OpenVAS is a full-featured vulnerability scanner. Its capabilities include unauthenticated testing, authenticated testing, various high-level and low-level Internet and industrial protocols, performance tuning for large-scale scans, and a powerful internal programming language to implement any type of vulnerability test.
The scanner is accompanied by a vulnerability tests feed with a long history and daily updates. This Greenbone Community Feed includes more than 80,000 vulnerability tests.
OpenVAS released with GVM-10 receives numerous performance optimization to address the challenge of a growing number of vulnerability tests, scanning target networks of increasing size and heterogeneity.
OpenVAS released with GVM-11 introduces substantial architectural changes: The former service “openvassd” is turned into a command-line tool “openvas”. It is controlled by the service layer ospd-openvas. This concept essentially replaces the old stateful, permanent and proprietary OTP (OpenVAS Transfer Protocol) with the new state-less, request-response XML-based, and generic OSP (Open Scanner Protocol).
We use OpenVAS Network Vulnerability Assessment
The Network Vulnerability Assessment uses OpenVAS as our solution for assessing the network perimeter and for evaluating the external security posture of a company.
We perform an in-depth network vulnerability scan by using more than 57,000 plugins. We start by detecting the open ports and services and then continue by querying a database for known vulnerabilities which may affect the specific software versions.

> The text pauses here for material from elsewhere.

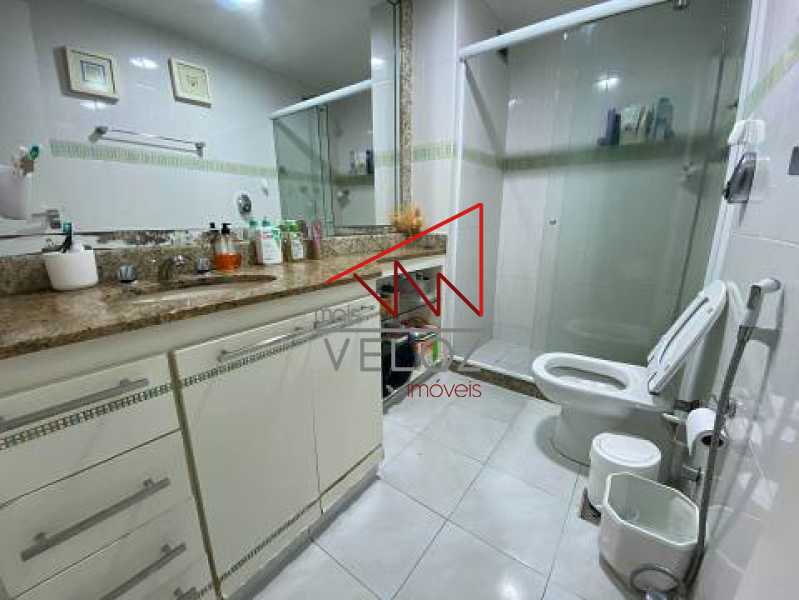 Apartamento à venda com 3 quartos, 126m² - Foto 9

The network perimeter of a company is the ‘wall’ which isolates the internal network from the outside world. However, because the outside world needs to access various resources of the company (ex. the website), the network perimeter exposes some network services (ex. FTP, VPN, DNS, HTTP, and others).
Web Penetration Testing
Our flagship cybersecurity service, we fully analyze and determine the extent to which your assets can defend against threats by testing your exposure to exploits and vulnerabilities on your infrastructure.
We discover and safely exploit vulnerabilities before hackers do
The primary goal of a pen test is to identify weak spots in an organization’s security posture, as well as measure the compliance of its security policy, test the staff’s awareness of security issues and determine whether — and how — the organization would be subject to security disasters.
A penetration test can also highlight weaknesses in a company’s security policies. For instance, although a security policy focuses on preventing and detecting an attack on an enterprise’s systems, that policy may not include a process to expel a hacker.